The problem: Please, from the entries below, transcribe exactly the lines that begin at the line with "Antrasit Püsküllü Mini Denim Şort HE00002" and end at the line with "Eternal Flower Rose", without the pictures.

Entries supplied:

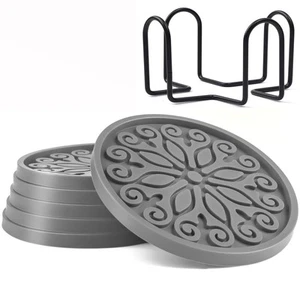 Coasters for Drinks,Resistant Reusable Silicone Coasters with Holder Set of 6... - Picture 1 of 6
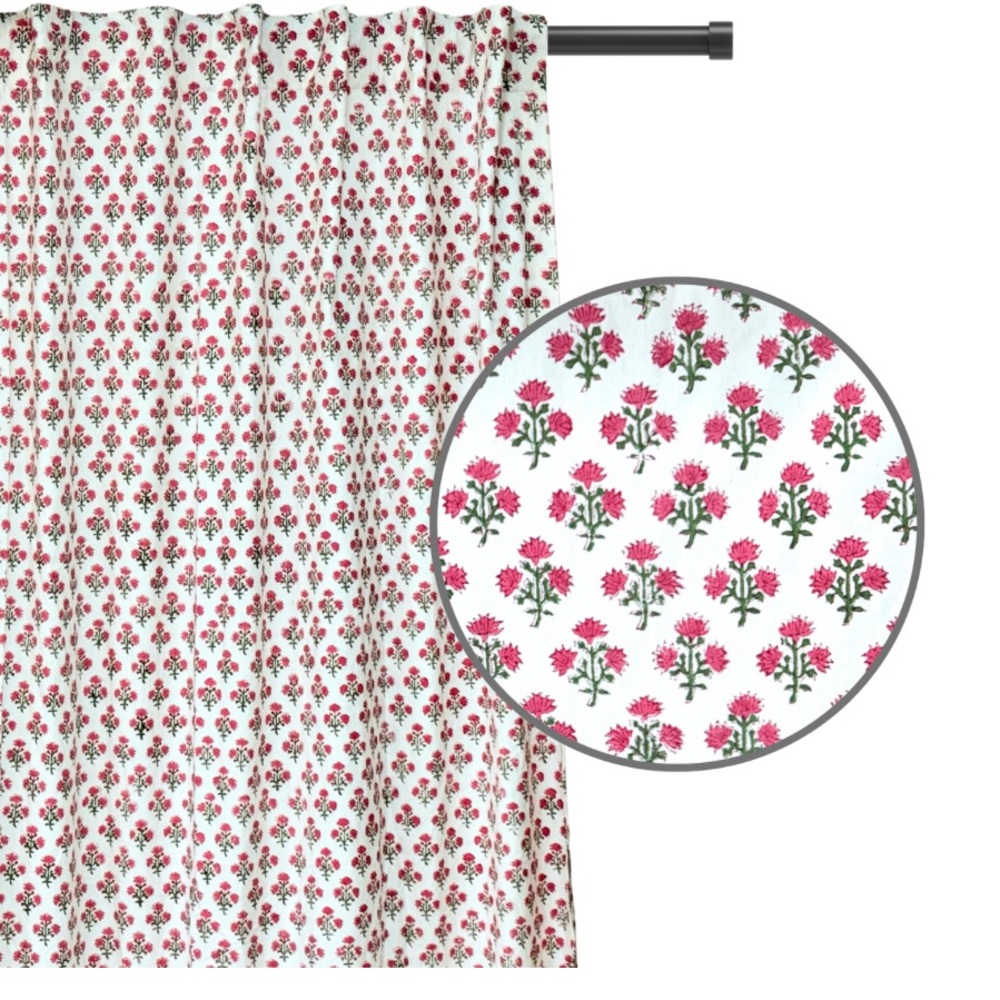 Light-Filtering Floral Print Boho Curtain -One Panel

--

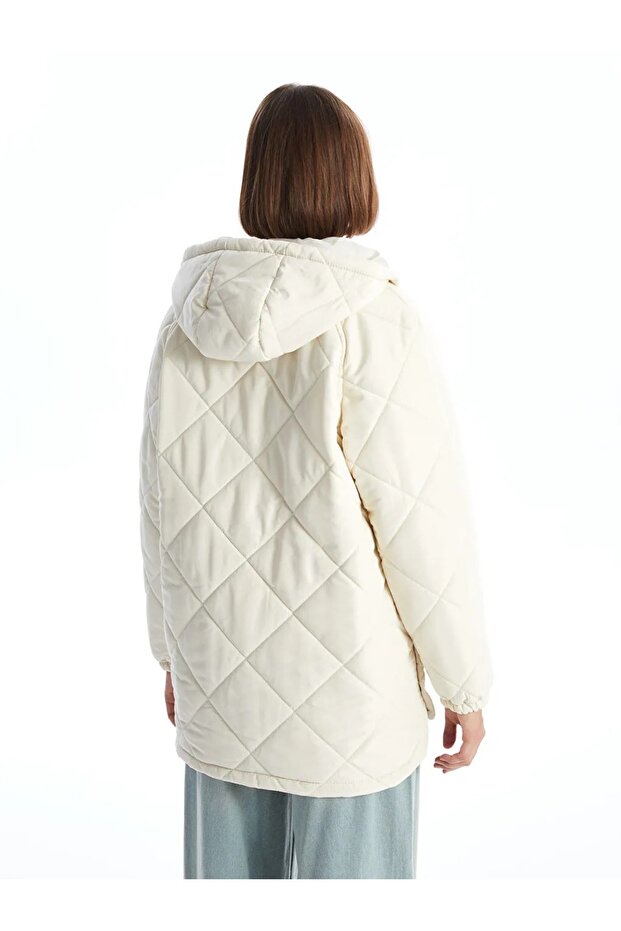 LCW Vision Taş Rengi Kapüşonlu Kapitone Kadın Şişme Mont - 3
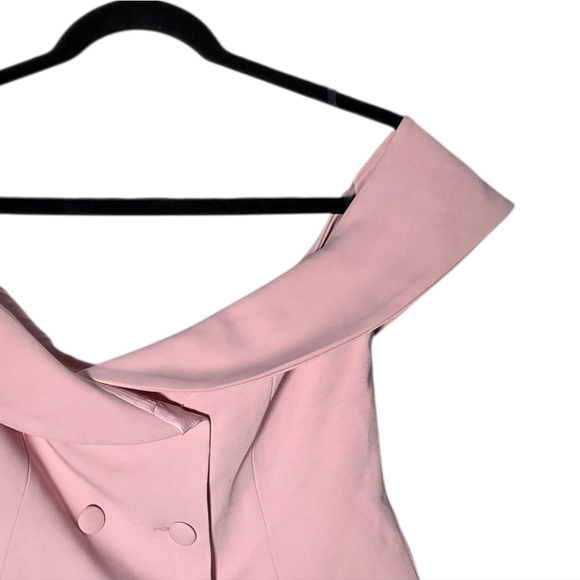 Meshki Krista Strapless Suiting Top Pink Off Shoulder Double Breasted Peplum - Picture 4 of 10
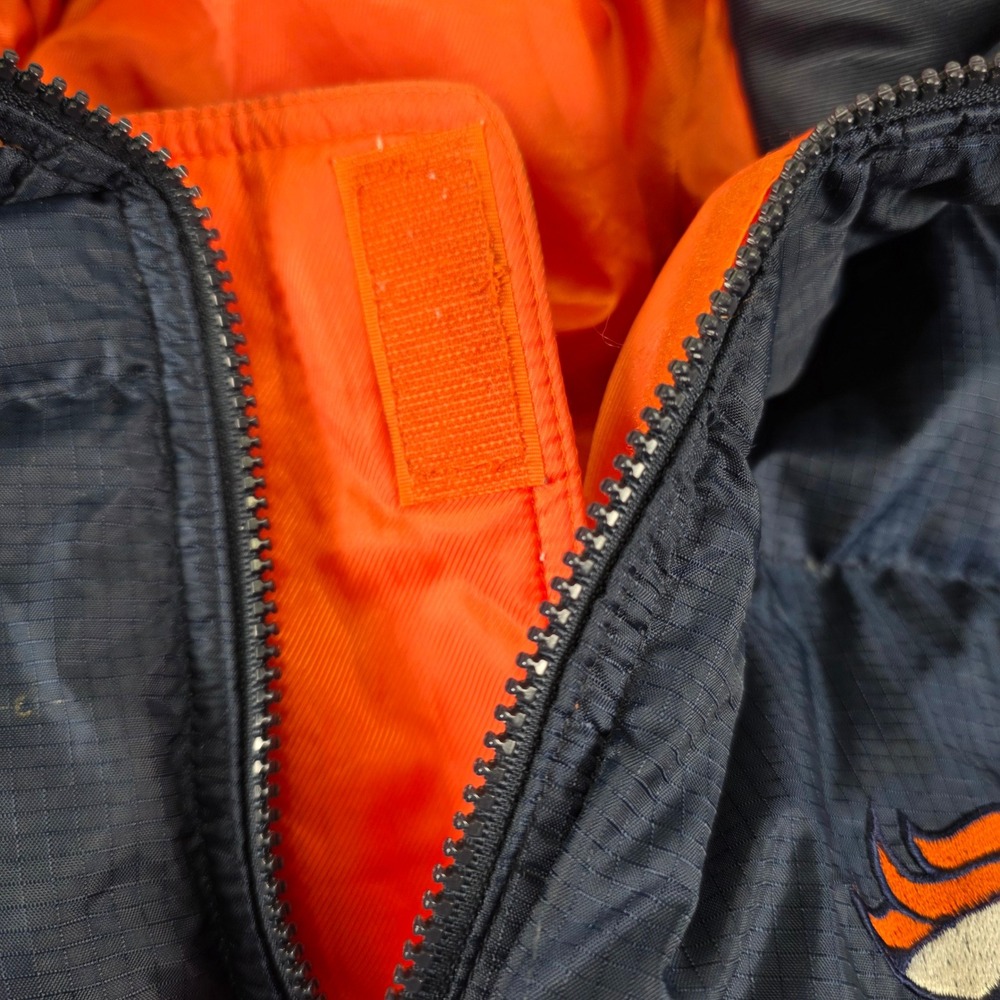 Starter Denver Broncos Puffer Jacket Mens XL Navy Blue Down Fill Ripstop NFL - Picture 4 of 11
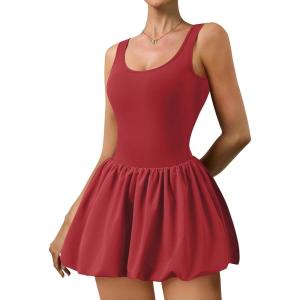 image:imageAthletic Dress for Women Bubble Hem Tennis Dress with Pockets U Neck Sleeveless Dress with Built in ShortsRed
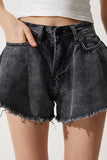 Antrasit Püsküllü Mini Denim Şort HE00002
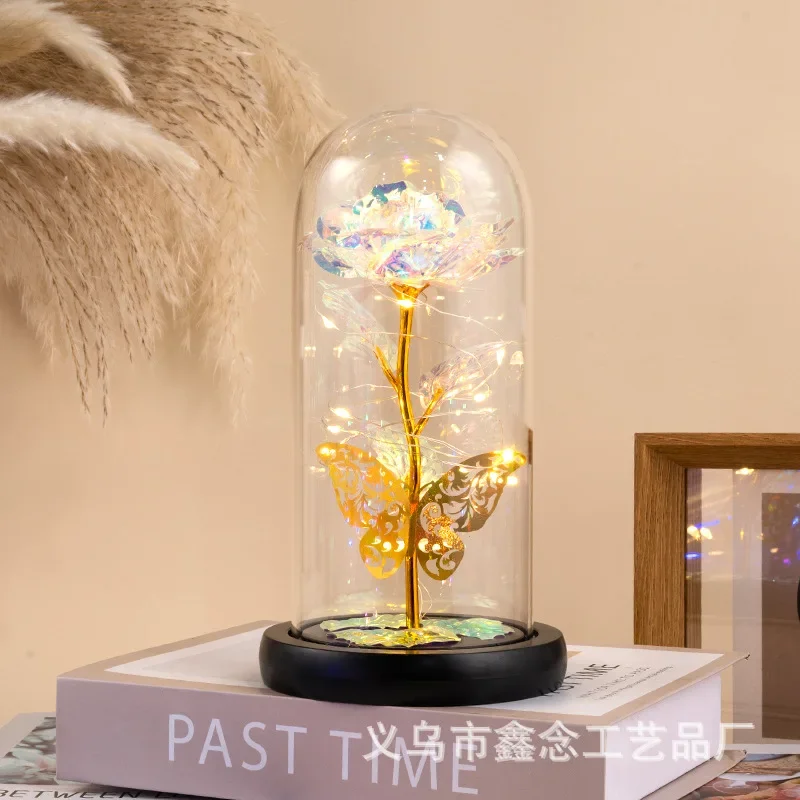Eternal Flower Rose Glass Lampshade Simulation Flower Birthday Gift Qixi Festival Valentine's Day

Answer for the task:
 Antrasit Püsküllü Mini Denim Şort HE00002
Eternal Flower Rose Glass Lampshade Simulation Flower Birthday Gift Qixi Festival Valentine's Day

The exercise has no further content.